One way to do this, Partington said, is to give researchers access to a full inventory of foods sold in all retail outlets in a given area. That type of data, however, is not readily available and it would be a painstaking process to gather such information, visiting site by site.

That’s where Menzies comes in.

“A repeated effect in most data sets is that a few variables and instances can serve as good exemplars for the rest,” he said. “Once we have learned these key variables, it becomes practical to sample a wider area much faster. Once we know the key variables, visiting each store is quicker, since we would be after less data, and we could visit fewer stores once we have the most exemplary stores.”

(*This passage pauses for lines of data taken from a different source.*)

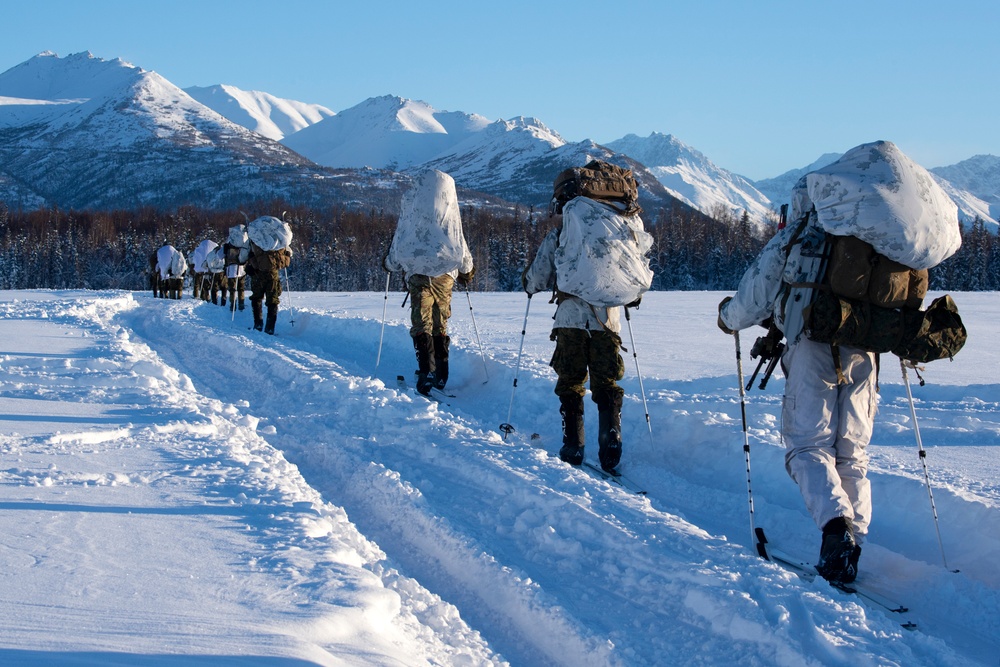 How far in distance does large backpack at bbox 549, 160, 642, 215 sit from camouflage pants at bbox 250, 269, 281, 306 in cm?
877

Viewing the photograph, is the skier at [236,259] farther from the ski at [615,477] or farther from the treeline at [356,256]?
the treeline at [356,256]

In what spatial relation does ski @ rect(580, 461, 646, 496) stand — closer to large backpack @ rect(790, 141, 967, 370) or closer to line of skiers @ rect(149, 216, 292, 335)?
large backpack @ rect(790, 141, 967, 370)

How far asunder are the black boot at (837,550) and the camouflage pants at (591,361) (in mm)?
2069

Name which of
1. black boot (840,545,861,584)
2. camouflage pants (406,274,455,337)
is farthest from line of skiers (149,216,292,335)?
black boot (840,545,861,584)

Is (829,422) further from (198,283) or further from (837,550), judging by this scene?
(198,283)

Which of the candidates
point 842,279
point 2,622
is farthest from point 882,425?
point 2,622

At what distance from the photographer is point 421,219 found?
825 cm

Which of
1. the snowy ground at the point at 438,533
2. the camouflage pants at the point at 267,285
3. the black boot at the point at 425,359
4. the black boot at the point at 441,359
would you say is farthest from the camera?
the camouflage pants at the point at 267,285

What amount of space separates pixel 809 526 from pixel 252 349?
789cm

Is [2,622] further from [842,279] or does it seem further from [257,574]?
[842,279]

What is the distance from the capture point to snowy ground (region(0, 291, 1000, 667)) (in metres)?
2.70

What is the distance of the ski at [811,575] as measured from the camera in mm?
3521

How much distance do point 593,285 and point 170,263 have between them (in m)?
22.9

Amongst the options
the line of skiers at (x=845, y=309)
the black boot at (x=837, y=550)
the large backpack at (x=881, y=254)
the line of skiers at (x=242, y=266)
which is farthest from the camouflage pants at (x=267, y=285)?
the black boot at (x=837, y=550) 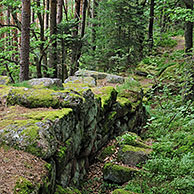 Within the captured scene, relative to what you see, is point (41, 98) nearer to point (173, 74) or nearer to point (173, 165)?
point (173, 165)

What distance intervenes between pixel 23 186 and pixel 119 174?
3.71 metres

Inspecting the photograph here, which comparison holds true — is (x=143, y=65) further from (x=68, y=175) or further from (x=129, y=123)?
(x=68, y=175)

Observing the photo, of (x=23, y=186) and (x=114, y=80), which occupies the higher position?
(x=114, y=80)

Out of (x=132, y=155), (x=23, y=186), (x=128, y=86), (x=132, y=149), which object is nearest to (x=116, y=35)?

In addition to working with Menzies, Partington is working with Vasil Papakroni, a master’s student in the Lane Department, on the research. His research has found that collecting data from 10 percent of the stores can approximate the results found in the rest of the population. Papakroni is now exploring how to find the most representative stores. Together, these two findings mean that the cost of monitoring patterns in a large population can be significantly decreased.

“Health patterns are constantly changing and we must always check old results,” said Partington. “Using Vasil’s methods, fewer stores will need to be revisited. And once we arrive at a particular store, by using Dr. Menzies’ results, we will only need to record a few variables.”

“The world is a big place,” Menzies said, “and with Big Data methods, we can explore more of it in less time.”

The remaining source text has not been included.